Gekuch. Geritsel van boterhamzakjes en chocoladerepen. Nog meer gekuch. Een nerveuze rochel. Als de wijzer précies half twee aangeeft, klinken de verlossende woorden: "Jullie mogen de examenboekjes openen. Succes."
Paniekerig geblader door boekjes. Klikkende pennen. Maar dan ineens is er slechts stilte.
Niet omdat iedereen plots is opgehouden met lawaai maken, maar dankzij een geniale klasgenoot. "Ik zou oordoppen gebruiken", zei hij, "dan hoor je alleen nog maar je eigen ademhaling."
Daar zit ik dan. Drie uur lang naar mijn eigen ademhaling te luisteren. Ineens begrijp ik niet meer dat sommige mensen zeggen dat je moet mediteren om tot rust te komen voor een examen: het examen zelf is één grote meditatiesessie.
Tot rust
In de examenzaal kom je tot rust.
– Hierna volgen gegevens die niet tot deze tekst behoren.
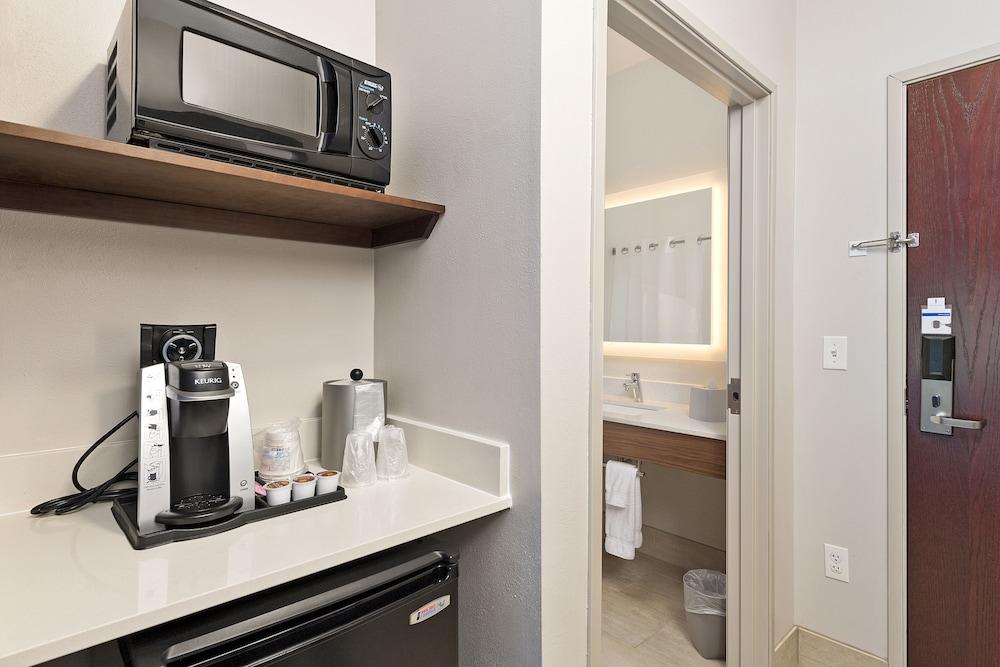 Holiday Inn Express Hotel & Suites Conroe I-45 North by IHG photo 12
Je mag drie uur lang niets zeggen. Je zit aan een tafel zonder etui of mobiele telefoon (geef toe: onrustzaaier numero uno) met geen andere afleiding dan je eigen ademhaling.
Sinds mijn allereerste herinnering (peuterspeelzaal, onbezorgde examenloze kindertijd) is er geen enkel moment geweest dat ik drie uur achter elkaar bewust stil ben geweest om naar mijn eigen ademhaling te luisteren.
Meer geluiden
Maar in de examenzaal blijkt mijn meditatie niet zo waterdicht als ik dacht. Van buiten hoor je inderdaad niets, maar mijn lichaam produceert méér geluiden dan alleen mijn ademhaling. Als ik mijn boterham met kaas opeet, klinkt dat als een trein die zich op volle snelheid tegen een muur rijdt. Probeer het maar eens.
Maar ondanks de inwendige herrie blijkt zo’n urenlange toets best uit te zitten. Sterker nog: ik verlaat de zaal relaxter dan toen ik binnenkwam. Met oordoppen in is een examen dus net een meditatiecursus. Alleen jammer dat je niet moet vergeten daadwerkelijk je examen te máken – da’s wel zo handig voor je ontspanning op de lange termijn.